Apparently contradicting her spokesman’s statement to CBS4 political specialist Shaun Boyd, gubernatorial candidate Cynthia Coffman told a radio station last week that, in fact, she’s not pro-choice and refuses to “accept a label” on the abortion issue.
The topic came up on KCOL after guest host Karen Kataline asked Coffman directly about Boyd’s report that Coffman is pro-choice and pro-gay rights.
“Shaun didn’t ask me about that,” Coffman replied. “So, I was surprised as most people to hear that.”
But Boyd asked Coffman’s campaign if they wanted to correct her report that Coffman was pro-choice, and a campaign spokesperson declined the offer.
Pressed by Kataline about whether she said she was pro-choice when she ran for her current position of Colorado attorney general, Coffman said:
Coffman: No! No, I didn’t. I refused to accept a label. And I still do, because I — like many people, I think have opinions about this complicated issue that are somewhere not on either end of the spectrum. I personally would not choose abortion. I would choose life. But I also believe that this is settled law from the United States Supreme Court. And unless that law changes at some point, we have to follow it. Because we are a rule-of-the-law nation. And that’s what my position is, as Attorney General, and would be as Governor.
Boyd’s initial report that Coffman is pro-choice drew an angry response from conservative talk radio hosts, leading KNUS’ Dan Caplis to say she wouldn’t have been elected AG if she’d come out as pro-choice.
Asked if she did not support the Obamacare repeal, Coffman said, “No. I didn’t even take a position publicly.”
“We need to fix Obamacare,” she said. “People are extraordinarily frustrated, as am I, with Congress, and particularly with the United States Senate, that they are unable after all this time talking about it to come up with a plan that they can get a majority vote on.”

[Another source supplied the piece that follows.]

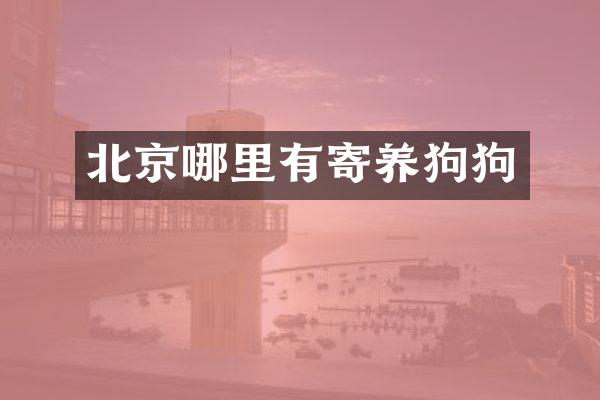 北京哪里有寄养狗狗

Elsewhere in the KCOL interview, Coffman said her GOP primary opponent Tom Tancredo “goes too far” in an “effort to get people’s attention.”
Coffman described Tancredo as “entertaining” but not “constructive” and “not what people want; people want a serious candidate who will talk about all the issues.”
“This is not a single issue campaign,” said Coffman, saying Tancredo has picked “a few issues” issues to run on.
Coffman said she’d made her decision to join the GOP gubernatorial primary before Tancredo entered the race Nov. 1.
Coffman’s abortion position is similar to that of former State Sen. Ellen Roberts (R-Durango) who began her potential campaign for U.S. Senate in 2015 by telling a radio station she’d never been pro-choice but was forced to correct her statement once a video emerged of Roberts calling herself a pro-choice Republican.
“I’ve never called myself pro-choice as a politician,” said Roberts at the time. “What I found out, early on, was I supported parental notification in the instance of an underage girl having an abortion. So, when I supported that, and I still support that, I found from those who are pro-choice advocates that no longer made me pro-choice. And I was surprised. I didn’t know that there were slices to what made a person one thing or another.”
Roberts later withdrew her name from consideration for the GOP Senate nomination.